**Exercise brief:**
Print exactly the lines below between the line containing "Men's Round Lab Grown Diamond Cathedral Ring" and the line containing "2012 Nissan Leaf", counting both of those lines. Leave pictures out.

**Material to process:**
Content starts

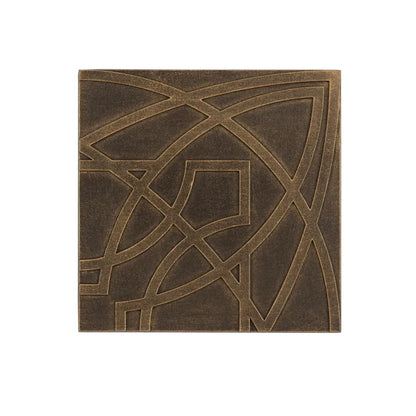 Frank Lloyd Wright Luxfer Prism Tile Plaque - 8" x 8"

Content ends
Content starts

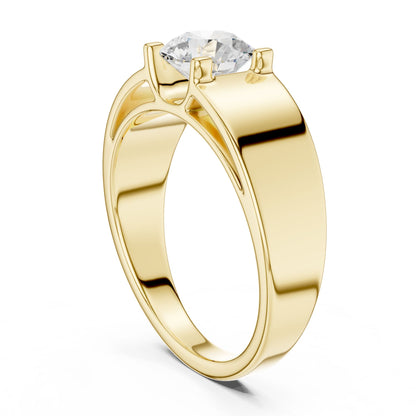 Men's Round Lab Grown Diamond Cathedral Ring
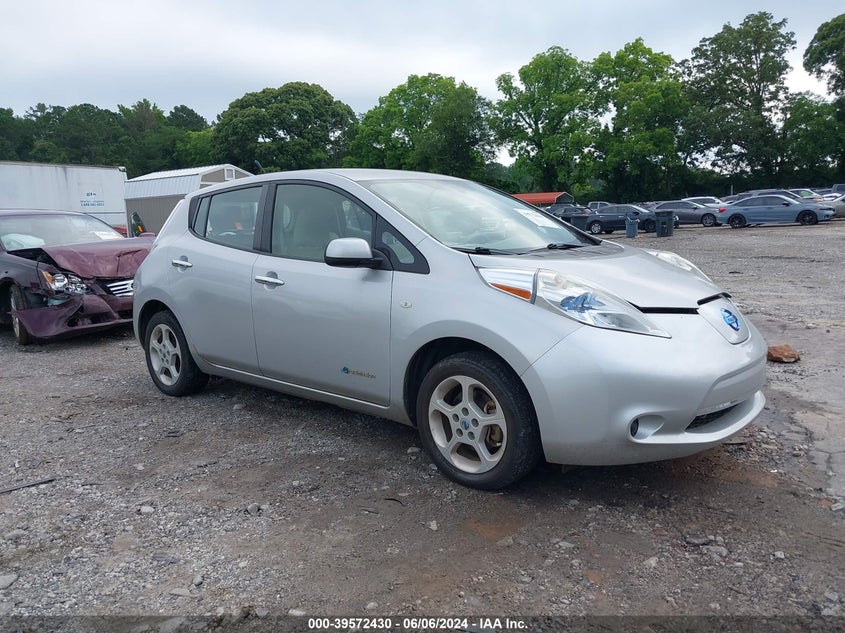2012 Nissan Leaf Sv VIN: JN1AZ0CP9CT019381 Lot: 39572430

Content ends
Content starts

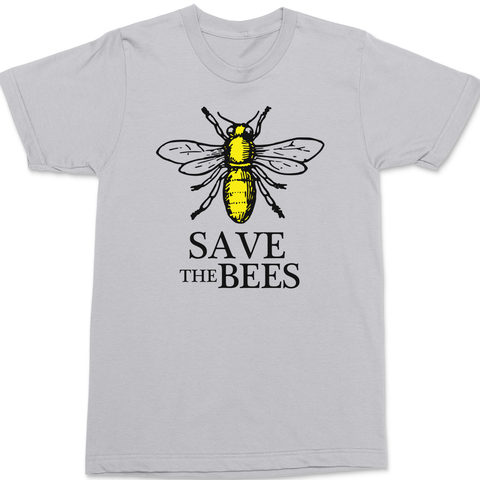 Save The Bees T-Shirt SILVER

Content ends

**Task result:**
 Men's Round Lab Grown Diamond Cathedral Ring
2012 Nissan Leaf Sv VIN: JN1AZ0CP9CT019381 Lot: 39572430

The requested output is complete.